The most interesting cultural wealth of Fairy Chimneys: Underground Cities
There are nearly 300 underground cities in the Cappadocia region. When the structure of these underground settlements is examined, it is understood that they were built for security purposes. Almost every house in the region is connected to the underground cities by secret passages. Various traps have been set up around them to prevent foreigners from finding these passages! In order to make it difficult for the enemy to use these roads, the labyrinth-like tunnels are carved both in narrow, long, and low structures.

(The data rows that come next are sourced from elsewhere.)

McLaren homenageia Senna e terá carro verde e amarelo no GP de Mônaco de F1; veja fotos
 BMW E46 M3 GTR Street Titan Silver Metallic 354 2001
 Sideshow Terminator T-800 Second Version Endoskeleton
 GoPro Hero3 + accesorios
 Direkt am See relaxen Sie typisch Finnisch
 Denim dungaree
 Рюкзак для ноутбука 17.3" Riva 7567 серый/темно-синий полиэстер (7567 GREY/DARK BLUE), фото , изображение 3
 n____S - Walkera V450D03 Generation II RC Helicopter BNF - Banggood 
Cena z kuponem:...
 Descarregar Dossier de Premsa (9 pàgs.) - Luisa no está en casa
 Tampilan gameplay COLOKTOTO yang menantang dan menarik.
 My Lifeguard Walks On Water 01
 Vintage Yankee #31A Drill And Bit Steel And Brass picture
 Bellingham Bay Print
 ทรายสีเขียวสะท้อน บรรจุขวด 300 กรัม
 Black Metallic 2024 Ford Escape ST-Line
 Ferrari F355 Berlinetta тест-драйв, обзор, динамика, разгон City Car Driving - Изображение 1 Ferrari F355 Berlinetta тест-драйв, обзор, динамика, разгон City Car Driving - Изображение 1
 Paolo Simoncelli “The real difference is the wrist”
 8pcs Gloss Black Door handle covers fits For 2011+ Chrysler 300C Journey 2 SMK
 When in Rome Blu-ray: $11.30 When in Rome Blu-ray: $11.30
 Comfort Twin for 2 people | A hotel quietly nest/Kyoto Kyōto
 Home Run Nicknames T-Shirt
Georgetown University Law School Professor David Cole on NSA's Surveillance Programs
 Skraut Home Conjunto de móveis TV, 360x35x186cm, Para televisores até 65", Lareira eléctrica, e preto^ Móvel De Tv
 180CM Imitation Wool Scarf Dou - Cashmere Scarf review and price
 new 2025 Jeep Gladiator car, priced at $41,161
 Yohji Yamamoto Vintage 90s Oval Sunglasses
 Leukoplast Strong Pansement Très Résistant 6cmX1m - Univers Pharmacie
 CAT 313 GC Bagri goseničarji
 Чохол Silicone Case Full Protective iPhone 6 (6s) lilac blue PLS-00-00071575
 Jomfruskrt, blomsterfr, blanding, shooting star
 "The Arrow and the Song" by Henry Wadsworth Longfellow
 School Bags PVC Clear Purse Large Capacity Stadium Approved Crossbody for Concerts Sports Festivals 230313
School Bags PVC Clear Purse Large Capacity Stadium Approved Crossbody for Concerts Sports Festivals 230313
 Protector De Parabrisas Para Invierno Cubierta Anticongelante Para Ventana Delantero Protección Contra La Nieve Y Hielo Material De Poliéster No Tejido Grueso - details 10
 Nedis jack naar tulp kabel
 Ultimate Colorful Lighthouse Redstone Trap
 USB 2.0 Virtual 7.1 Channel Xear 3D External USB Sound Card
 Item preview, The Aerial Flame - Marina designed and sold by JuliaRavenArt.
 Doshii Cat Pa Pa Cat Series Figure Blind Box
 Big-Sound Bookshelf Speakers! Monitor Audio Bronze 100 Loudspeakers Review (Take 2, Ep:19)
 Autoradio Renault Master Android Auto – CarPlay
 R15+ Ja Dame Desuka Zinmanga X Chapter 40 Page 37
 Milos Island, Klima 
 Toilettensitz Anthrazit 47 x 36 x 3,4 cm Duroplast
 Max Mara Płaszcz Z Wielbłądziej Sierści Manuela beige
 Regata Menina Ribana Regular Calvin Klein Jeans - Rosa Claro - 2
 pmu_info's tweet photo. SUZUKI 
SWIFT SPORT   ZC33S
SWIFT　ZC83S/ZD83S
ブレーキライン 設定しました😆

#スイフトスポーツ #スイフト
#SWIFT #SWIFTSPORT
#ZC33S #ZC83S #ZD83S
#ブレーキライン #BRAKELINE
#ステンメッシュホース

Unlike the security measures in other underground cities, in Özkonak Underground City, the hot oil is poured on the mortar stones to pour on the enemy; small holes are drilled in order to be able to hit with arrows and spears. As the underground rooms were needed, new rooms were carved, corridors and passages increased, and thus underground cities were formed.
Kaymaklı: An underground city that is a wonder of nature and archeology
The formation of Kaymaklı Underground City, one of the best-known underground cities, takes thousands of years. Deep down, this city is being built by quickly carving the soft tuff in the volcanic terrain. This city, which has hosted different tribes and communities at other times, has been used to shelter people fleeing wars, diseases, and oppression for thousands of years.
The fact that there are many storehouses in the city shows that a large population lived here. The constant temperature underground ensures that food is kept intact in these supply stores. According to the measurements, the temperature in these warehouses shows 20 degrees Celsius in the summer and winter months.
The doors of the supply warehouses open to the kitchens, the doors of the kitchens to the streets, and the doors of the streets empty to the houses, churches, and other living spaces. A granite stone found only in Kaymaklı is thought to have been used for grinding spices in the kitchen, but later archaeological studies reveal that this stone was used for mineral ore enrichment.
The part of Kaymaklı Underground City, which is open to visitors, consists of only 4 floors and is thought to constitute only 5 percent of the entire city. The rest of the town is covered with stones, sand, and rubble, accumulated over the centuries.
Fairy Chimneys legends: Telling never ends
According to one of the legends that the people there based on oral tradition, the terrible giants living in the region were at the height of the mountains. When people were angry, they would send flames from the tops of the mountains to the villages. The people were careful not to anger the giants. One day, the way of the sultan of the fairyland fell to Cappadocia. The sultan, who was very upset about the situation of the people here, called all the fairies for help.
With snow and ice in their hands, the fairies attacked the places where the giants were throwing fire. Finally, they managed to put out the fire of the mountains. Thereupon, the frightened giants fled underground and never appeared again. People settled in the caves they carved into the rocks, and the fairies settled in the hats on the tops of these rocks and lived amicably.
According to another whispered legend, thousands of years ago, a great warrior kidnapped the king’s daughter, whose love he died for. Together with the girl, they hide in the Cappadocia region, in the valley. The king’s finest men and his army, along with the warrior’s enemies, come to the valley to find the girl. The warrior prays for a miracle to happen, and the miracle happens. God helps the warrior, turns the army to stone. Seeing this, all the enemies run away. The shadow of the soldiers with hats turned to stone is still in Cappadocia.